Vor einem Jahr lief der letzte Opel in Bochum vom Band. Der Autobauer beschäftigte am Standort zuletzt 2.600 Mitarbeiter und über 1.000 Beschäftigte in Zulieferunternehmen. So viele Arbeitsplätze wird es so schnell nicht wieder geben, denn aufgrund gesetzlicher Vorgaben kann nicht die komplette Fläche für eine rein industriegewerbliche Nutzung zur Verfügung gestellt werden.

Von Klaus Deuse | 04.12.2015
    Düstere Wolken über dem ehemaligen Opelwerk in Bochum.
    Das Opel-Werk in Bochum wurde 2014 endgültig geschlossen. (dpa/picture alliance/Bernd Thissen)

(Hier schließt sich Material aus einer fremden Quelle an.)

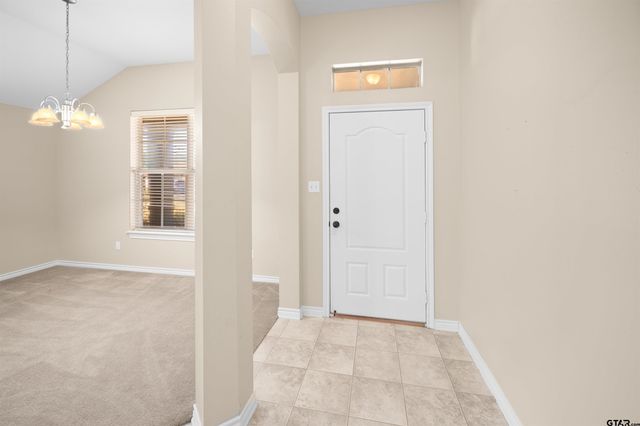 5918 Mesquite Dr, Tyler, TX 75707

    Ein Jahr nach der Schließung des Opel-Werkes in Bochum haben Bagger bereits unter anderem die einst modernste Autolackiererei in Europa dem Erdboden gleichgemacht und bearbeiten das Firmenareal. In einem ersten Bauabschnitt werden rund 30 Hektar für die Ansiedlung neuer Unternehmen vorbereitet. An Interessenten mangelt es nicht, sagt Rolf Heyer, Geschäftsführer der zuständigen "Bochum 2022 Perspektive GmbH":
    "Wir haben zurzeit etwa 300 Anfragen gehabt. Von denen sind also interessiert und nachhaltig interessiert etwa 60, 70. Der erste Interessent, mit dem wir auch in konkreten Verhandlungen sind, ist die Firma DHL, die hier ein Verteilzentrum für Pakete mit einer Leistung von etwa 50.000 Paketen pro Stunde errichten will. Arbeitsplätze in der ersten Ausbaustufe ca. 500."
    Verzahnung von Unternehmen mit der Forschung
    Opel beschäftigte am Standort Bochum zuletzt 2.600 Mitarbeiter. Hinzu kamen noch über 1.000 Beschäftigte in Zulieferunternehmen. So viele Arbeitsplätze wird es so schnell nicht wieder geben, denn aufgrund gesetzlicher Vorgaben kann nicht die komplette Fläche für eine rein industriegewerbliche Nutzung zur Verfügung gestellt werden. Im Zuge des Strukturwandels setzt man nach den Worten von Rolf Heyer unter dem Schlagwort "Bochum 4.0" ohnehin auf eine enge Verzahnung von Unternehmen mit der Forschung.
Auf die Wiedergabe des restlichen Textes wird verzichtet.